CVE-2023-23908: 
Linux Kernel vulnerability analysis and mitigation

CVE-2023-23908 is a security vulnerability affecting some 3rd Generation Intel(R) Xeon(R) Scalable processors, discovered and disclosed in August 2023. The vulnerability stems from improper access control mechanisms that could allow privileged users to potentially enable information disclosure through local access (Intel Advisory, NVD).

The vulnerability has been assigned a CVSS v3.1 base score of 4.4 (Medium) by NIST with vector CVSS:3.1/AV:L/AC:L/PR:H/UI:N/S:U/C:H/I:N/A:N, while Intel Corporation assigned it a score of 6.0 (Medium) with vector CVSS:3.1/AV:L/AC:L/PR:H/UI:N/S:C/C:H/I:N/A:N. The vulnerability is classified as CWE-284 (Improper Access Control) (NVD).

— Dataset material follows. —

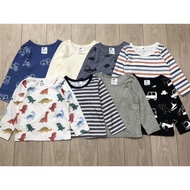 HM shirt for boys 1-6 years old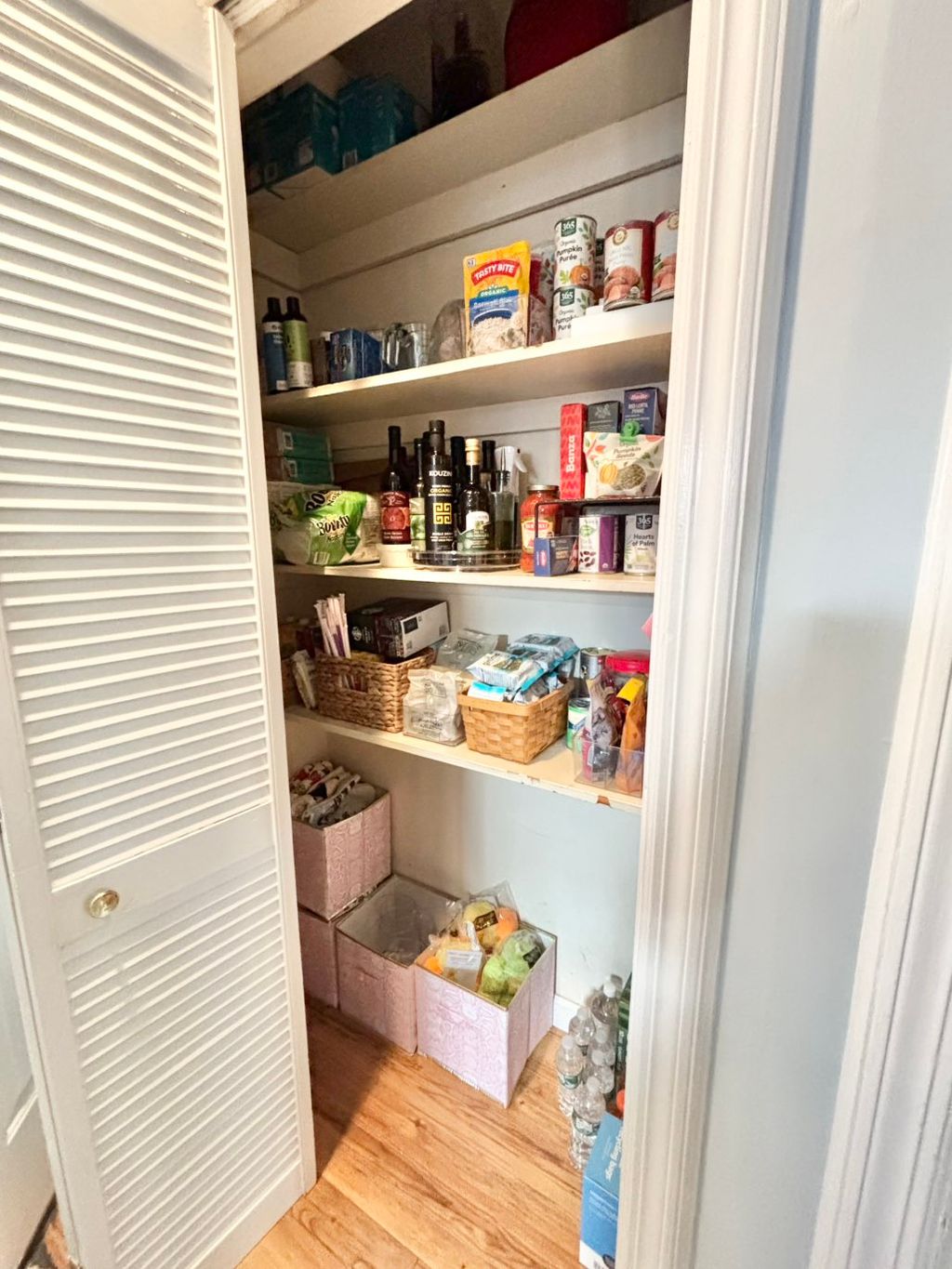 Client Pantry - After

Successful exploitation of this vulnerability could lead to the disclosure of sensitive information. The vulnerability requires local access and high privileges to exploit, but could potentially result in high confidentiality impact (NetApp Advisory).

Intel has released microcode updates to address this vulnerability. The fix was included in the Intel microcode update version 20230808. Various operating system vendors have released updates incorporating these fixes, including Debian (version 3.20230808.1), Fedora, and Ubuntu (Debian Advisory, Fedora Advisory).